-- EXERCISE PROMPT --
Please retype the listing exactly as it appears, skipping each picture.

-- SUPPLIED INFORMATION --
▼
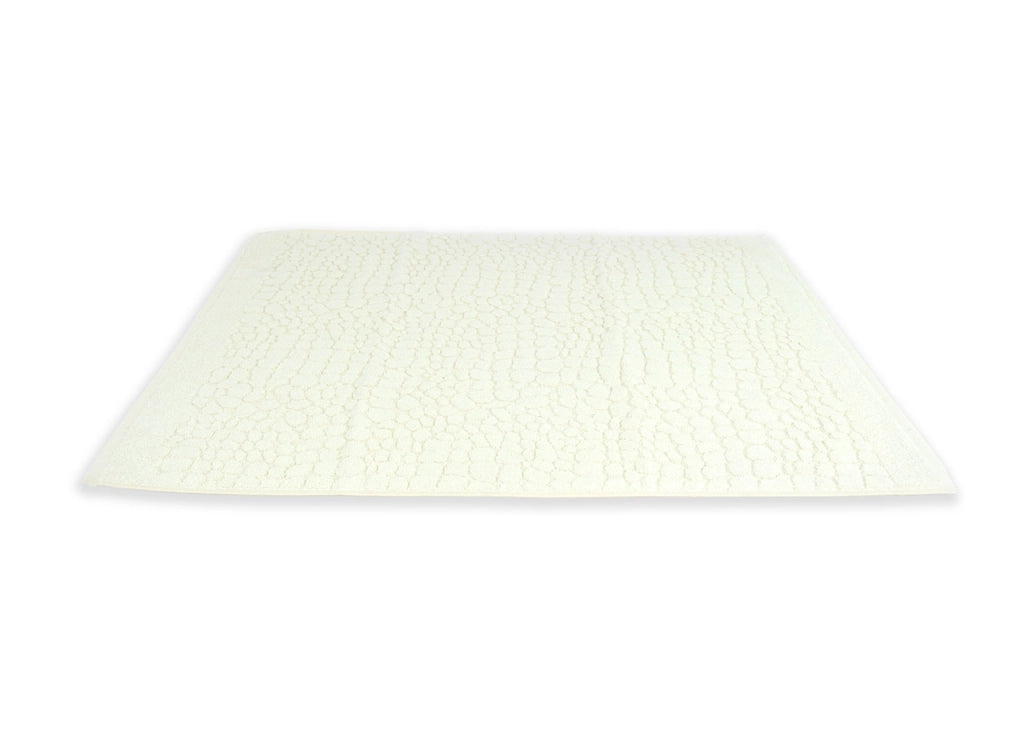 Tappeto Da Bagno Modello Animalier - 40x60 cm - Panna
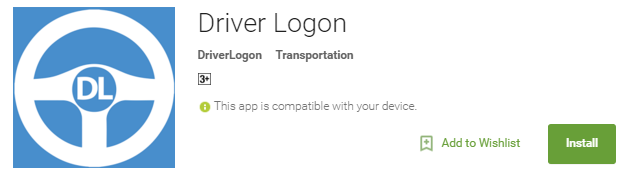 Driverlogon App Google play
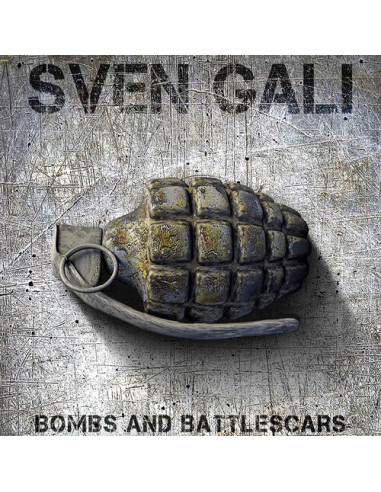 Sven Gali - Bombs And Battlescars - (CD)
▲
-- ANSWER --
 Tappeto Da Bagno Modello Animalier - 40x60 cm - Panna
 Driverlogon App Google play
 Sven Gali - Bombs And Battlescars - (CD)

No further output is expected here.